Given information
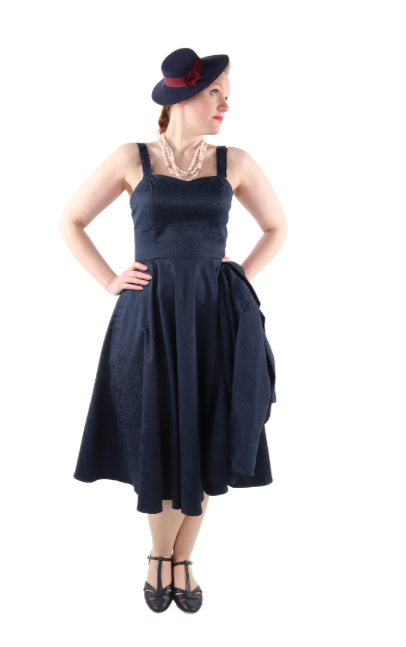 Vanessa Strappy Full Circle Dress With Matching Bolero In Blue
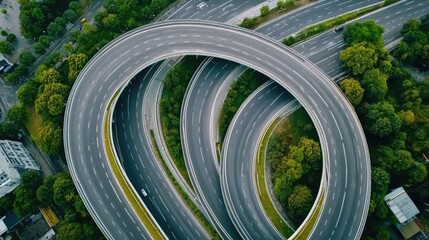 Poster - Aerial view of a highway with multiple lanes, suitable for use in infrastructure or transportation-related projects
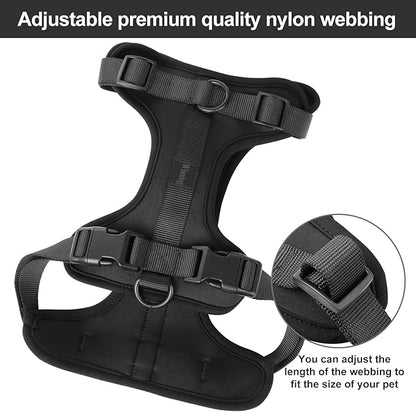 Wisedog No Pull Lightweight Dog Harness: Adjustable Breathable Mesh Pet Vest Harness with Soft & Comfortable Cushion, for Small Medium Large Dogs (Large, Black)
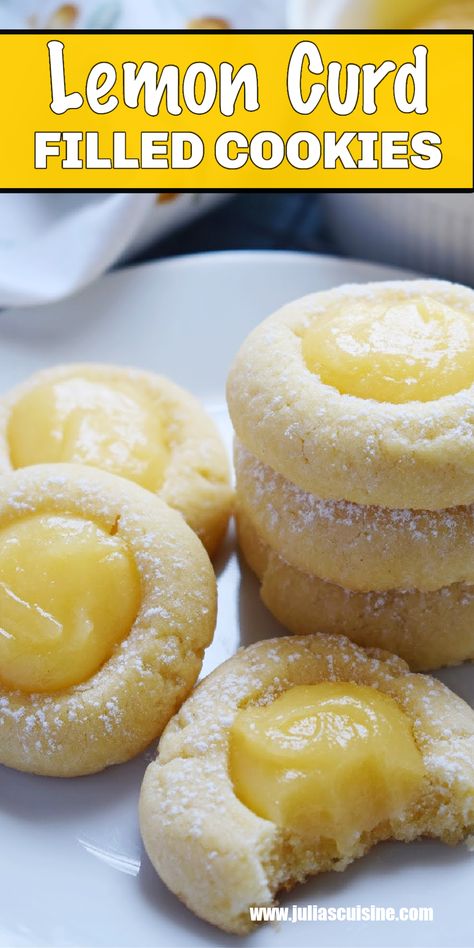 Lemon Curd Filled Cookies Lemon Curd Cookies Recipe, Lemon Curd Cookies, Curd Cookies, Thumbprint Cookie, Lemon Cookies Recipes, Perfect Cookies, Thumbprint Cookies Recipe, Lemon Curd Recipe, Lemon Curd Filling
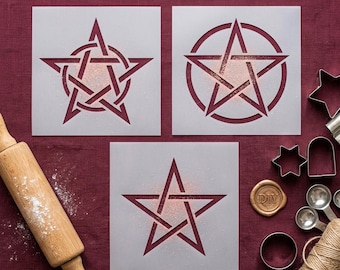 Pentagram Stencil Set of 3 Witchcraft Art Template Sacred Geometry Modern Pagan Symbol Reusable Mylar Crafting Supplies DIY Altar Decor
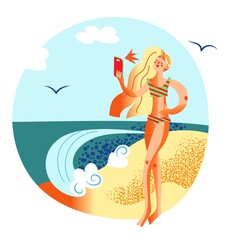 Young girl in bikini take selfie on smartphone camera at beach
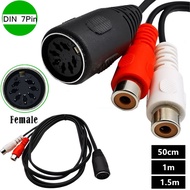 7pin Female 7-Core DIN to 2RCA Lotus Female Old-fashioned Audio Equipment Adapter Cable 7 Pin Din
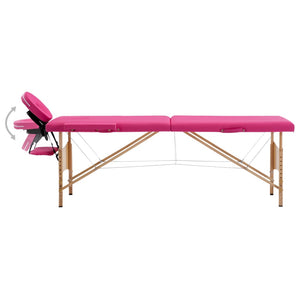 Klappbare Massageliege 2-Zonen Rosa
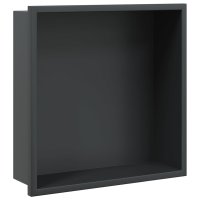 Nisa de dus din otel inoxidabil, negru mat, 32x32x9 cm - 1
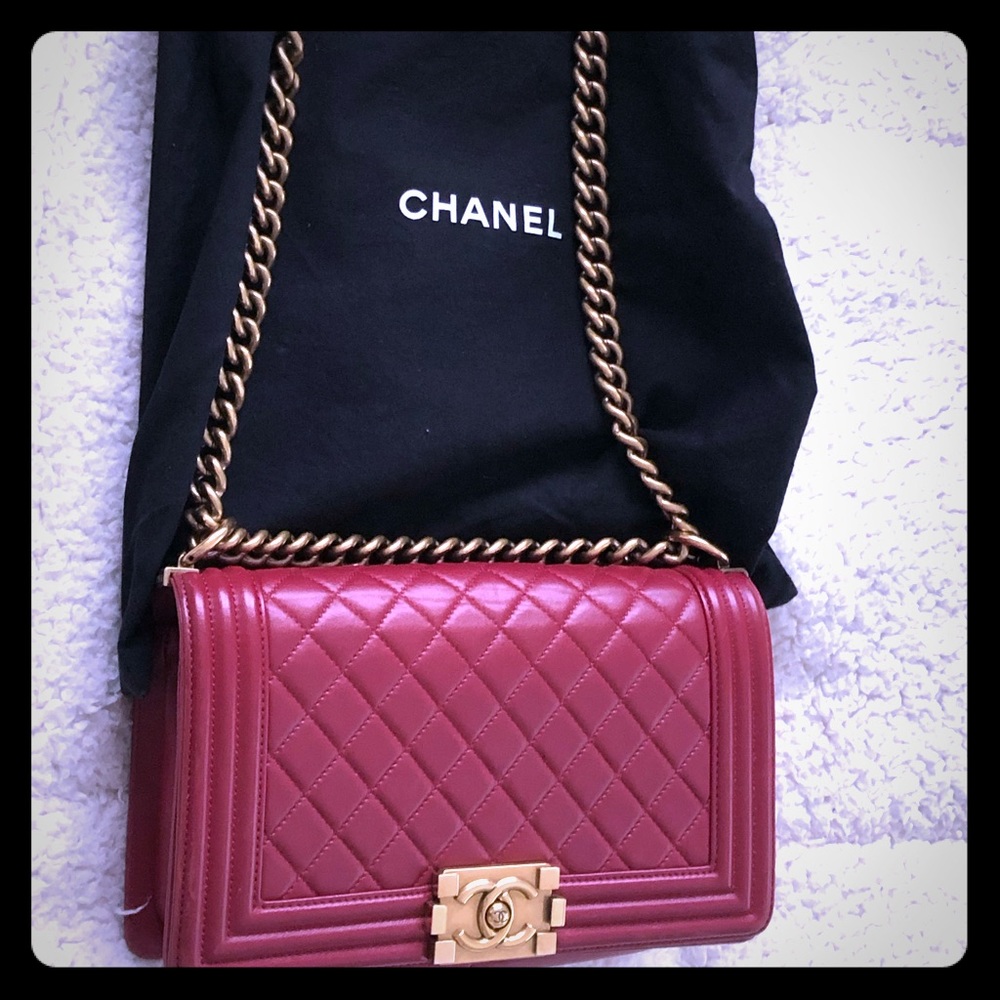 Chanel medium boy red lamb skin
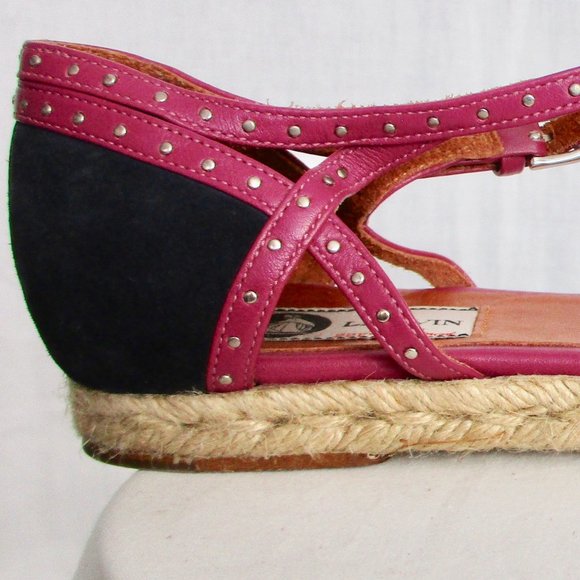 Lanvin Fuchsia and Black Suede Studded Espadrilles (Pre-owned) Size 39 EU / 9 US - Picture 6 of 16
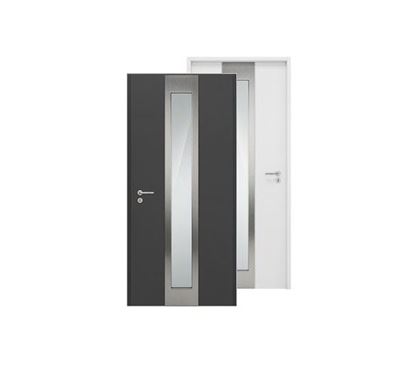 Изображение Входная дверь HTA 1000x2100, DIN R, цвет RAL7016/9016,стекло, Hormann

Task prompt
An exact copy of the listing above is to be set down, with no pictures in it.

Output for this exercise
 Vanessa Strappy Full Circle Dress With Matching Bolero In Blue
 Poster - Aerial view of a highway with multiple lanes, suitable for use in infrastructure or transportation-related projects
 Wisedog No Pull Lightweight Dog Harness: Adjustable Breathable Mesh Pet Vest Harness with Soft & Comfortable Cushion, for Small Medium Large Dogs (Large, Black)
 Lemon Curd Filled Cookies Lemon Curd Cookies Recipe, Lemon Curd Cookies, Curd Cookies, Thumbprint Cookie, Lemon Cookies Recipes, Perfect Cookies, Thumbprint Cookies Recipe, Lemon Curd Recipe, Lemon Curd Filling
 Pentagram Stencil Set of 3 Witchcraft Art Template Sacred Geometry Modern Pagan Symbol Reusable Mylar Crafting Supplies DIY Altar Decor
 Young girl in bikini take selfie on smartphone camera at beach
 7pin Female 7-Core DIN to 2RCA Lotus Female Old-fashioned Audio Equipment Adapter Cable 7 Pin Din
 Klappbare Massageliege 2-Zonen Rosa
 Nisa de dus din otel inoxidabil, negru mat, 32x32x9 cm - 1
 Chanel medium boy red lamb skin
 Lanvin Fuchsia and Black Suede Studded Espadrilles (Pre-owned) Size 39 EU / 9 US - Picture 6 of 16
 Изображение Входная дверь HTA 1000x2100, DIN R, цвет RAL7016/9016,стекло, Hormann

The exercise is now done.